Verhandlungserfolg nach 15 Tagen Agrarstreik

Von Ani Dießelmann

Vertreter*innen von Regierung und Streikenden verhandeln über Sicherheitsgarantien für soziale Bewegungen. Foto: Congreso de los Pueblos (CC-BY-4.0)
Vertreter*innen von Regierung und Streikenden verhandeln über Sicherheitsgarantien für soziale Bewegungen. Foto: Congreso de los Pueblos (CC-BY-4.0)

(Cali, 14. Juni 2016, amerika21).- Nach zwei Wochen massiver, landesweiter Proteste in Kolumbien sind aufgrund erster Einigungen zwischen der Regierung von Präsident Juan Manuel Santos und den Organisationen der Protestierenden die Streiks beigelegt worden. Laut Berichten gingen die sozialen Bewegungen gestärkt aus dem Streik hervor und werten die Aktionen als vollen Erfolg. Vor allem Indigene, Afrokolumbianer*innen und Kleinbäuer*innen hatten mit teilweise spektakulären Aktionen wie Hafenblockaden mit Langbooten, Straßen- und Landbesetzungen sowie Massendemonstrationen gegen die neoliberale Umstrukturierung des Landes demonstriert. Zu den Protesten hatte seit dem 30. Mai das landesweite Bündnis „Cumbre Agraria, Campesina, Étnica y Popular“ aufgerufen.

Die nun durchgesetzten Verhandlungen sollen auf nationaler Ebene geführt werden. Erste Absprachen betreffen vor allem die Sicherheit der Streikenden und das Recht auf Protest. Der Vertreter der Regierung hat zugesagt, die Rechte der am Streik Beteiligten zu respektieren. Das Innenministerium, das Hochkommissariat für Menschenrechte der Vereinten Nationen und Vertreter*innen der Streikenden unterzeichneten ein Dokument, in dem sich die Regierung verpflichtet, „Polizei und Militär konkret anzuweisen, friedliche Proteste nicht zu verhindern, einen vernünftigen Sicherheitsabstand zu den Protesten zu wahren und von illegalen Aktionen abzusehen“. Die Vereinbarung ist eine Reaktion auf die auch von internationalen Menschenrechtsorganisationen erhobenen Vorwürfe gegenüber der Staatsmacht, in den vergangenen zwei Wochen mit brutaler Härte und illegalen Mitteln gegen den Protest vorgegangen zu sein.

Tote und Verletzte

Bisher wurde von drei Toten und zahllosen Verletzten berichtet.
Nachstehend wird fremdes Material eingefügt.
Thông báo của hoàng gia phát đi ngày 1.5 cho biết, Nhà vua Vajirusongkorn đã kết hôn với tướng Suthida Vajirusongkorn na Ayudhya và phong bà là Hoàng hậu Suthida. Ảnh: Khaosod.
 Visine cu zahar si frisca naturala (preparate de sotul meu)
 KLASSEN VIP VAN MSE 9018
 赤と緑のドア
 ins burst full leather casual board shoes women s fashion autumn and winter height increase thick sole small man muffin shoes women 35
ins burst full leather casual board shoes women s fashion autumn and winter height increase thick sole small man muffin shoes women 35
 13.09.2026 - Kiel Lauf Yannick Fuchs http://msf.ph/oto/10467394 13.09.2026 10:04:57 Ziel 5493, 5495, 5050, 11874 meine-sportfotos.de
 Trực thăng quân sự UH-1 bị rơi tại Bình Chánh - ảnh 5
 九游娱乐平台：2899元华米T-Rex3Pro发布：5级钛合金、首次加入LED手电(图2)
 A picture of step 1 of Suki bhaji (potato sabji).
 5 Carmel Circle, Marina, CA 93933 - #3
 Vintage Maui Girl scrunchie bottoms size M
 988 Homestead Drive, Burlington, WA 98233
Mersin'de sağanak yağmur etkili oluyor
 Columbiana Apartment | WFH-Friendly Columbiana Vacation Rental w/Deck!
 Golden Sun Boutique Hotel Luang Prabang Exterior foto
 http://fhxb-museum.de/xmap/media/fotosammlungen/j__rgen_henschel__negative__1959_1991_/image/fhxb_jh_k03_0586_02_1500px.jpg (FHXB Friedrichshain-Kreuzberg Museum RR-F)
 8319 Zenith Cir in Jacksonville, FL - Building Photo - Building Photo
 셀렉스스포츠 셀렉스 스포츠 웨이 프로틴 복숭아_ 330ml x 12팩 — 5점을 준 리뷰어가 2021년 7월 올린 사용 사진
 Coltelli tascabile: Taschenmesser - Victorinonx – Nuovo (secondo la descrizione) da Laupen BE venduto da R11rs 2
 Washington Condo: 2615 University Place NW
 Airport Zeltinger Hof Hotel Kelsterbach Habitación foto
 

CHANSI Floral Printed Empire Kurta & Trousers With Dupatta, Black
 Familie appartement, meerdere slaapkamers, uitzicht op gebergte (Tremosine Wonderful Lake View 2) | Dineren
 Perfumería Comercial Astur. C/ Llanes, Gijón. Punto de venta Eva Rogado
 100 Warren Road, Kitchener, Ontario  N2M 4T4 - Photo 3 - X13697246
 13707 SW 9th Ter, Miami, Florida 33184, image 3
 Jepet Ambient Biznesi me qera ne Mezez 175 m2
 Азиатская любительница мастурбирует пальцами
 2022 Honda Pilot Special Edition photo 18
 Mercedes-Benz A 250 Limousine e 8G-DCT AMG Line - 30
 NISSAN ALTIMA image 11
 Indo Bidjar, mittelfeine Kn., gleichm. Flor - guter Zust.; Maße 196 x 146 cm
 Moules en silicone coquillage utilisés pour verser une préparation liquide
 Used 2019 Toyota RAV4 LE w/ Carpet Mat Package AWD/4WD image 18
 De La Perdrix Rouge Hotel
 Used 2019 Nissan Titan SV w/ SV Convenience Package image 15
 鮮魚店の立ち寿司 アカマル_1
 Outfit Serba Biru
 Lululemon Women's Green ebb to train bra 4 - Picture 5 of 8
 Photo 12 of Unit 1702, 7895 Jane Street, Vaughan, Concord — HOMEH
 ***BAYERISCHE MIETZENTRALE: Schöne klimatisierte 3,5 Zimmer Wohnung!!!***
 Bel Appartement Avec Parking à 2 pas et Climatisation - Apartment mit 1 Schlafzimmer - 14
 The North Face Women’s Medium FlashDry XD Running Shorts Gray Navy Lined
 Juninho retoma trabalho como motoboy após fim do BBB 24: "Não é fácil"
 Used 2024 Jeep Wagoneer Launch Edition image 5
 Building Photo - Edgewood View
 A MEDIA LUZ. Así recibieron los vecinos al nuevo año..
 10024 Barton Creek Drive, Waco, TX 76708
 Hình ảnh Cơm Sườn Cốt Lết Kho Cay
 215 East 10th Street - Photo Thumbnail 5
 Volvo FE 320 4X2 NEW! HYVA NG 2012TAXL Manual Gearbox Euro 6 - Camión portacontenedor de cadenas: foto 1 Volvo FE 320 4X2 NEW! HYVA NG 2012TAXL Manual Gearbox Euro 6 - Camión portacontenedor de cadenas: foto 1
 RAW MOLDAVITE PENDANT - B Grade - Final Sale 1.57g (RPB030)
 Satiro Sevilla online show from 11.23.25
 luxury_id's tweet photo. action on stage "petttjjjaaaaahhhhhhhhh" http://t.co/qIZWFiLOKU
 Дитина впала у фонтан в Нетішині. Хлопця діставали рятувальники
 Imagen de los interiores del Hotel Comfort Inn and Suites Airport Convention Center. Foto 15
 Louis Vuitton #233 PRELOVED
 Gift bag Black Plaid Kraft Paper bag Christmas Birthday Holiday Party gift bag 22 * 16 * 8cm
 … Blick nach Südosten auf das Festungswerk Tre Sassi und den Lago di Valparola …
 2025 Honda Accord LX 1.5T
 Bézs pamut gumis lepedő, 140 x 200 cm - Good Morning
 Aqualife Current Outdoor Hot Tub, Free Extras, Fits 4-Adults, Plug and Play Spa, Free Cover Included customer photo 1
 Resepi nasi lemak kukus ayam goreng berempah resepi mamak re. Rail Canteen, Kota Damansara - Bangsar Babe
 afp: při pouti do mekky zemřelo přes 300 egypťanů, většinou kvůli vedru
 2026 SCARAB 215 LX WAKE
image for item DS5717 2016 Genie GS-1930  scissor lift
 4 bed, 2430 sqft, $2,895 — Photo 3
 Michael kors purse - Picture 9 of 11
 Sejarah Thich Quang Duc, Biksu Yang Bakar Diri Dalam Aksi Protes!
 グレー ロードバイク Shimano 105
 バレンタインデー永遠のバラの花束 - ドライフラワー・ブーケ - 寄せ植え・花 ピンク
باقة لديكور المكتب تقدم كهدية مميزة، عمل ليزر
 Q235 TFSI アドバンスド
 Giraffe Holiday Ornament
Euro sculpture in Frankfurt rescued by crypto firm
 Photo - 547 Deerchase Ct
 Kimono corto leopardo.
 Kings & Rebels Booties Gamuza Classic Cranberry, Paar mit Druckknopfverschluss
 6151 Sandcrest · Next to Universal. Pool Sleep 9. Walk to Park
Weiter kam es überall im Land zu Inhaftierungen und Verschleppung von Demonstranten. Unter anderem wurden Protestierende mehrere Tage in Militärkasernen festgesetzt, während im Departamento Cauca von mehreren Verschwundenen berichtet wird. Die Polizei und das Militär würden manipulierte Munition benutzen, um eine Aufklärung der Taten zu verhindern. Auch paramilitärische Gruppen bedrohen die Streikenden in verschiedenen Landesteilen und rufen zu Aktionen gegen den Protest auf.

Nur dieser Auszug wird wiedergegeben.